Using pmchart to display separate guest CPU activity (compared to inclusive).


$ pmchart -c CPU -c vCPU

**Table 3: Raw PCP virtualization user time split**
`kernel.all.cpu.vuser`	User time when not running a virtual guest, default scheduling priority.
`kernel.all.cpu.guest`	User time when running a guest, default scheduling priority.

**Table 4: Raw PCP virtualization nice time split**
`kernel.all.cpu.vnice`	User time when not running a virtual guest, modified scheduling priority.
`kernel.all.cpu.guest_nice`	User time when running a guest, modified scheduling priority.

The per-CPU variants

Inside the kernel, most of the metrics described above are actually accumulated per-CPU for reasons of efficiency (to reduce the locking overheads and minimize dirty cache-line traffic).

PCP exports the per-CPU versions of the system-wide metrics with metric names formed by replacing all by percpu, e.g. kernel.percpu.cpu.user.

Note that on some multiprocessor UNIX platforms with one I/O pending, all otherwise idle CPUs will be assigned the wait state. This may lead to an over-estimate of the I/O wait time, as discussed in the companion How to understand measures of disk performance document.
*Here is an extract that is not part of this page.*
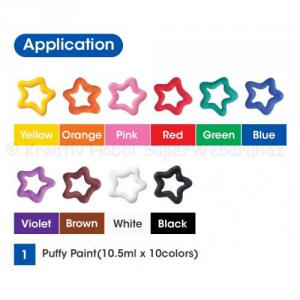 Puffy festék AMOS 10 x 10,5 ml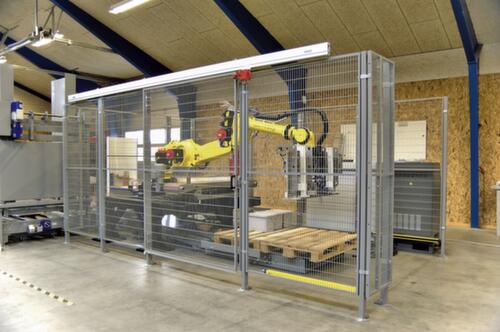 TROAX Veiligheidshek voor machines met maaswijdte 100x20 mm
This is not the case on Linux, however, where pre-CPU request queues track counts of processes in I/O wait state.

The pcp-atop and pcp-atopsar tools can be used to report the per-CPU utilization metrics, the latter in a fashion similar to the mpstat -I CPU option.
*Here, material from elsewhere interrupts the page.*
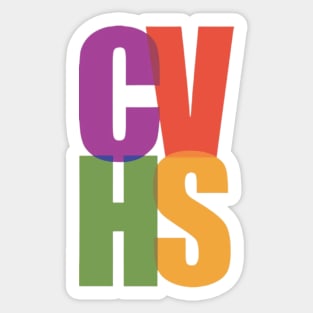 CVHS multicolor logo Sticker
Reconciling mpstat, sar -u and PCP CPU performance metrics

The mpstat and sar metrics are scaled based on the number of CPUs and expressed in percentages, PCP metrics are in units of milliseconds per second after rate conversion; this explains the PCP metric hinv.ncpu and the constants 100 and 1000 in the expressions below.

When run without options, sar reports the following:

**Table 5: PCP and sar (default) metric equivalents**
sar metric	PCP equivalent (assuming rate conversion)
`%user`	100 * `kernel.all.cpu.user` / (`hinv.ncpu` * 1000)
`%nice`	100 * `kernel.all.cpu.nice` / (`hinv.ncpu` * 1000)
`%system`	100 * (`kernel.all.cpu.sys` + `kernel.all.cpu.intr`) / (`hinv.ncpu` * 1000)
`%iowait`	100 * `kernel.all.cpu.wait.total` / (`hinv.ncpu` * 1000)
`%steal`	100 * `kernel.all.cpu.steal` / (`hinv.ncpu` * 1000)
`%idle`	100 * `kernel.all.cpu.idle` / (`hinv.ncpu` * 1000)

On the other hand, mpstat, and sar with the -u ALL option, report the following:

**Table 6: PCP and mpstat (sar -u ALL) metric equivalents**
mpstat metric	PCP equivalent (assuming rate conversion)
`%usr`	100 * `kernel.all.cpu.vuser` / (`hinv.ncpu` * 1000)
`%nice`	100 * `kernel.all.cpu.vnice` / (`hinv.ncpu` * 1000)
`%sys`	100 * `kernel.all.cpu.sys` / (`hinv.ncpu` * 1000)
`%iowait`	100 * `kernel.all.cpu.wait.total` / (`hinv.ncpu` * 1000)
`%steal`	100 * `kernel.all.cpu.steal` / (`hinv.ncpu` * 1000)
`%irq`	100 * `kernel.all.cpu.irq.hard` / (`hinv.ncpu` * 1000)
`%soft`	100 * `kernel.all.cpu.irq.soft` / (`hinv.ncpu` * 1000)
`%guest`	100 * `kernel.all.cpu.guest` / (`hinv.ncpu` * 1000)
`%gnice`	100 * `kernel.all.cpu.guest_nice` / (`hinv.ncpu` * 1000)
`%idle`	100 * `kernel.all.cpu.idle` / (`hinv.ncpu` * 1000)

The load average

The "load average" is reported by pcp-uptime, pcp-atop, etc. and the PCP metric kernel.all.load.

Using pcp-uptime to display historical uptime and load average measures.


$ source /etc/pcp.conf
$ tar xzf $PCP_DEMOS_DIR/tutorials/cpuperf.tgz

$ pcp --origin 'Tuesday 4:30pm' --archive cpuperf/system -z uptime
 16:30:07 up  5:15, 11 users,  load average: 1.59, 1.54, 1.23

The load average is an indirect measure of the demand for CPU resources. It is calculated using the previous load average (load) the sum of the currently runnable processes (nr_active), and an exponential dampening expression, e.g. for the "1 minute" average, the expression is:

load = exp(-5/60) * load + (1 - exp(-5/60)) * nr_active

The three load averages use different exponential constants and are all re-computed every 5 seconds.

On Linux, nr_active is computed as the sum across all processors (i.e. using per-CPU counters) of the number of running tasks and the number of uninterruptible tasks.

Note that the "run queue length" (reported by the -q option of sar) uses the aggregation across all processors of the number of running tasks only (does not include uninterruptible tasks). This is the kernel.all.runnable PCP metric.